The array is setup in the raid controller bios. If it is built into your mobo, it may be in the mobo bios. On my rig, i have a pci raid controller, and during bootup I get a special menu for the raid controller with the option to press "CTRL A" I think to open the config. This is very similar to a scsi card config.
 
you have to start in the bios there is a raid configuration utility included with your sata chipset. siig is ctrl plus s or f4 I don?t know what promise uses but its the same general idea.
once you get into the utility it will list the individual hdds and options.here you can build the raid set, if you already have a raid set built then it allows you to fix some problems or break/rebuild the set. there is also a low level format option that is handy for restoring a buggy drive. for speed choose raid 0 for redundancy and data protection choose raid 1. what raid 0 does is basically takes 2 physical drives and stripes them together to create one virtual drive twice as big as the smallest drive in the set. since all data is then simultaneously read or written to two drives at the same time you get twice the speed. for most xp systems running sata with raptors that means about 120 m/sec but I have looked at the io graph on several sata systems and it is not clean very spiky compared to ide. you can confirm this with a little tool called hdspeed "try this and let me know please" so what you have with a raid 0 is one bigger virtual drive and that?s what the bios and windows sees you can do with this drive whatever a single drive will do. just twice as fast word of warning though it would be better to get a hdd tray and have several storage disks than to repartition an existing drive and if you use sata they will be hot swapable too
 
Are the hard drive failures in Raid 0 configs still in the higher range ( IDE or SATA ) as they were a couple years ago ? Or are manufactures making drives of better quality and thus HDD's are fairing better in Raid 0 setups ?
 
Originally posted by: MidasKnight
Are the hard drive failures in Raid 0 configs still in the higher range ( IDE or SATA ) as they were a couple years ago ? Or are manufactures making drives of better quality and thus HDD's are fairing better in Raid 0 setups ?

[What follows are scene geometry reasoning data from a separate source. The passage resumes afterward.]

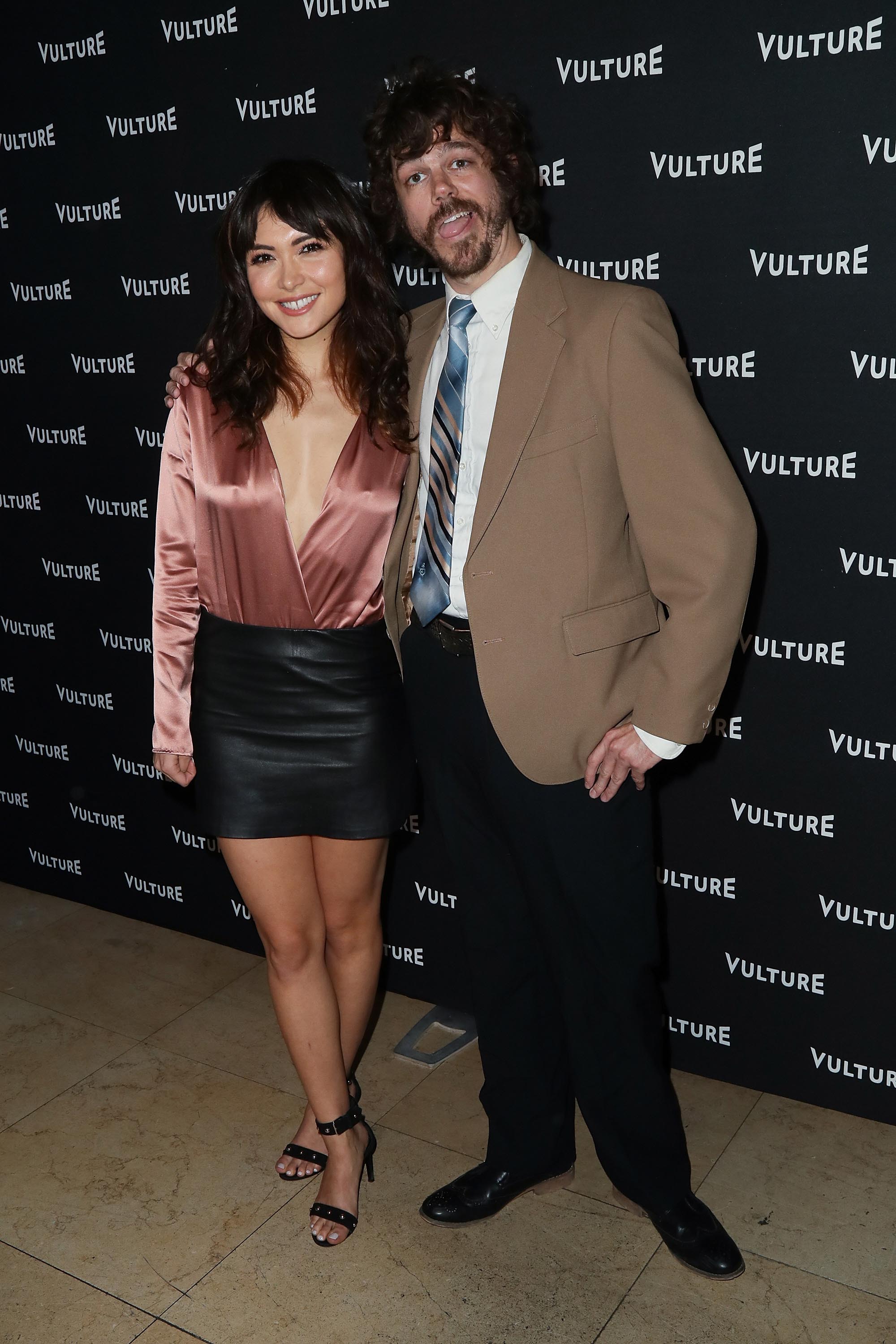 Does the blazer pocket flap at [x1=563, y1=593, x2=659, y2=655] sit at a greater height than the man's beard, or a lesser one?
lesser

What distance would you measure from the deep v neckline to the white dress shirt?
0.24m

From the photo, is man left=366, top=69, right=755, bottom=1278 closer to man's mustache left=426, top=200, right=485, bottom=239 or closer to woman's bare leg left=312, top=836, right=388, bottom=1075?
man's mustache left=426, top=200, right=485, bottom=239

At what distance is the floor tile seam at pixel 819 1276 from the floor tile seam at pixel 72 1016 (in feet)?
5.26

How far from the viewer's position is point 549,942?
81.7 inches

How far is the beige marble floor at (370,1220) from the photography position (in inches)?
82.1

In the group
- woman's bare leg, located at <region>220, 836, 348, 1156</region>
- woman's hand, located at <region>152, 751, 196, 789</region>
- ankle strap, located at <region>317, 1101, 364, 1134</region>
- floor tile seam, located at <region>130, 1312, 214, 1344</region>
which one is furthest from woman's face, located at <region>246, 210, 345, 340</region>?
floor tile seam, located at <region>130, 1312, 214, 1344</region>

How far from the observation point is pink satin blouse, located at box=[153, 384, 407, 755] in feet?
6.75

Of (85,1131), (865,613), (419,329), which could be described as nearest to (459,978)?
(85,1131)

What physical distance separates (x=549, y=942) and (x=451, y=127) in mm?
1401

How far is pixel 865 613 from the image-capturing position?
7.63ft

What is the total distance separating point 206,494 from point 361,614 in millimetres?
350

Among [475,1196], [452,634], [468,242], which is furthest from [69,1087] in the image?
[468,242]

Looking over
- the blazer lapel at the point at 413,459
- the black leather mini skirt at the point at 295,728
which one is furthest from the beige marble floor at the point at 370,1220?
the blazer lapel at the point at 413,459

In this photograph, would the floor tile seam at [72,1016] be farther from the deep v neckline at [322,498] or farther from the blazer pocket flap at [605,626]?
the blazer pocket flap at [605,626] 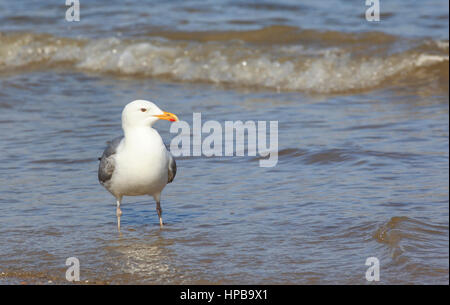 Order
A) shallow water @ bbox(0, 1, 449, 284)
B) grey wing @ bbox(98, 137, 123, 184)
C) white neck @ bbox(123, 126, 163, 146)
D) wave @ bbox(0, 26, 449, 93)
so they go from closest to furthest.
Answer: shallow water @ bbox(0, 1, 449, 284), white neck @ bbox(123, 126, 163, 146), grey wing @ bbox(98, 137, 123, 184), wave @ bbox(0, 26, 449, 93)

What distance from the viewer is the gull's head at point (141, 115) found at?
546 centimetres

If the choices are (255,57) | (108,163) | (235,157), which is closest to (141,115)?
(108,163)

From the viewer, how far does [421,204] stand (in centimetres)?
589

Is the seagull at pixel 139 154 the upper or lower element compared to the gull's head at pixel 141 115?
lower

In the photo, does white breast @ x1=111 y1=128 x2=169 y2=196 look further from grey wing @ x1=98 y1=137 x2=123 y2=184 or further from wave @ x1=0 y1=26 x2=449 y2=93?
wave @ x1=0 y1=26 x2=449 y2=93

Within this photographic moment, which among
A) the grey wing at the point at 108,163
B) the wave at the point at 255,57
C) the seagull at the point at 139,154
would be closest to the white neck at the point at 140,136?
the seagull at the point at 139,154

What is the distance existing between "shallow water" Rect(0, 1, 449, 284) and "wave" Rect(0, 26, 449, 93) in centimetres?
3

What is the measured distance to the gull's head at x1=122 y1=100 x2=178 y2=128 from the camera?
5.46 metres

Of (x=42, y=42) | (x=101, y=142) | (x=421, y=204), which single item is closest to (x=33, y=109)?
(x=101, y=142)

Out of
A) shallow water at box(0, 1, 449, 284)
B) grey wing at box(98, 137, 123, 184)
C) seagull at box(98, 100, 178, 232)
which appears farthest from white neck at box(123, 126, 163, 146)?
shallow water at box(0, 1, 449, 284)

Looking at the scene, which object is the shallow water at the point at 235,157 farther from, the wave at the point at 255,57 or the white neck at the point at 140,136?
the white neck at the point at 140,136

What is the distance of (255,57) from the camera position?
12.0 m

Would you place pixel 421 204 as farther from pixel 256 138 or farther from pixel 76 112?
pixel 76 112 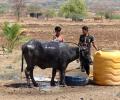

I have been running RAID 0 for the last 3-4 years and have has on problem. I am even using my orignal 2 drives.
 
Originally posted by: MidasKnight
Are the hard drive failures in Raid 0 configs still in the higher range ( IDE or SATA ) as they were a couple years ago ? Or are manufactures making drives of better quality and thus HDD's are fairing better in Raid 0 setups ?

There's nothing inherent in RAID0 that would make the drives themselves more likely to fail... your question makes little sense.